BREAKING DOWN Debt Signaling
In the world of finances and economics, investors are always seeking opportunities. They usually determine these by signals they receive from corporations. Sometimes those signals come from the company’s management team, but they can also come from actions made by the company, including when the company says it will take on more debt. These are referred to as debt signals. There are both positive and negative debt signals, both of which can have a big impact on the way a company's stock performs.

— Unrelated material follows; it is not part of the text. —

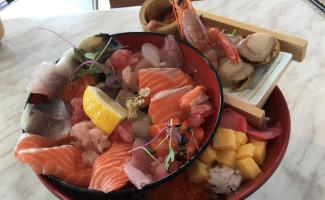 Sashimi Of Japan Hǎi Xiān Jǐng Bǎi Yī Shí Tíng food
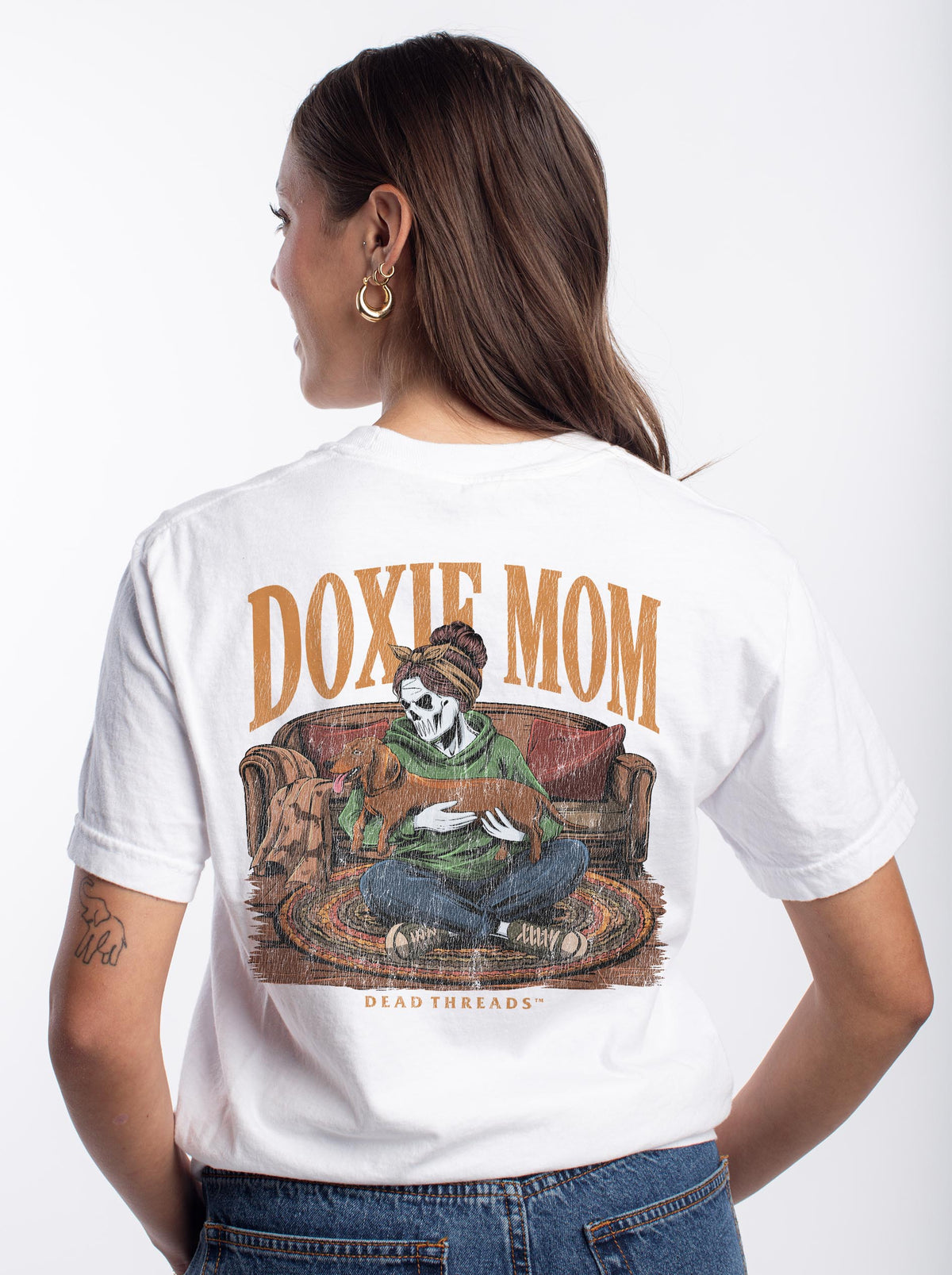 DOXIE MOM - “DT ESSENTIAL" PREMIUM T-SHIRT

Debt Signaling vs. Other Financial Signals
Companies can raise capital in different ways: internally, through debt and through equity. The first is usually internally, meaning directly from the company and its profits. However, if that isn’t feasible, a company will turn to debt, a much preferred method of financing over raising equity, since the cost of equity is usually higher than debt. Equity is also a means of diluting ownership of a company.
Positive Debt Signals
The type of financing can signal the future of the company’s financial position and any prospects for projects the company may have. When a company announces that it will take on more debt (typically for a new project), that signals sound financial health to investors and to the market, making it a positive debt signal. So when a company wants to take on more debt, that means it is committed to paying interest on it. The company also indicates that it believes strongly in its project (and therefore, its financial health) and believes that it will provide quick returns — enough to pay down the debt and to provide (financial) benefit to its investors.
Negative Debt Signals
If, on the other hand, any future debt is reduced, investors may see this as a sign that the company is unable to make its interest payments and is in a weak financial situation. Similarly, if the company chooses to raise new equity rather than take on any debt, this is a negative debt signal. This means that a company does not have enough confidence in its financial situation or its projects, does not have enough profits, or just cannot raise enough debt.
Debt Signaling Example
In October 2017, online streaming and content producer Netflix announced it was going to raise about $1.6 billion in debt. The company said it would use the funds for general purposes including funding for new content. This was seen as a positive step for the company, and therefore as a positive debt signal. Investors were seemingly pleased by the news, as the company's stock increased immediately following the announcement.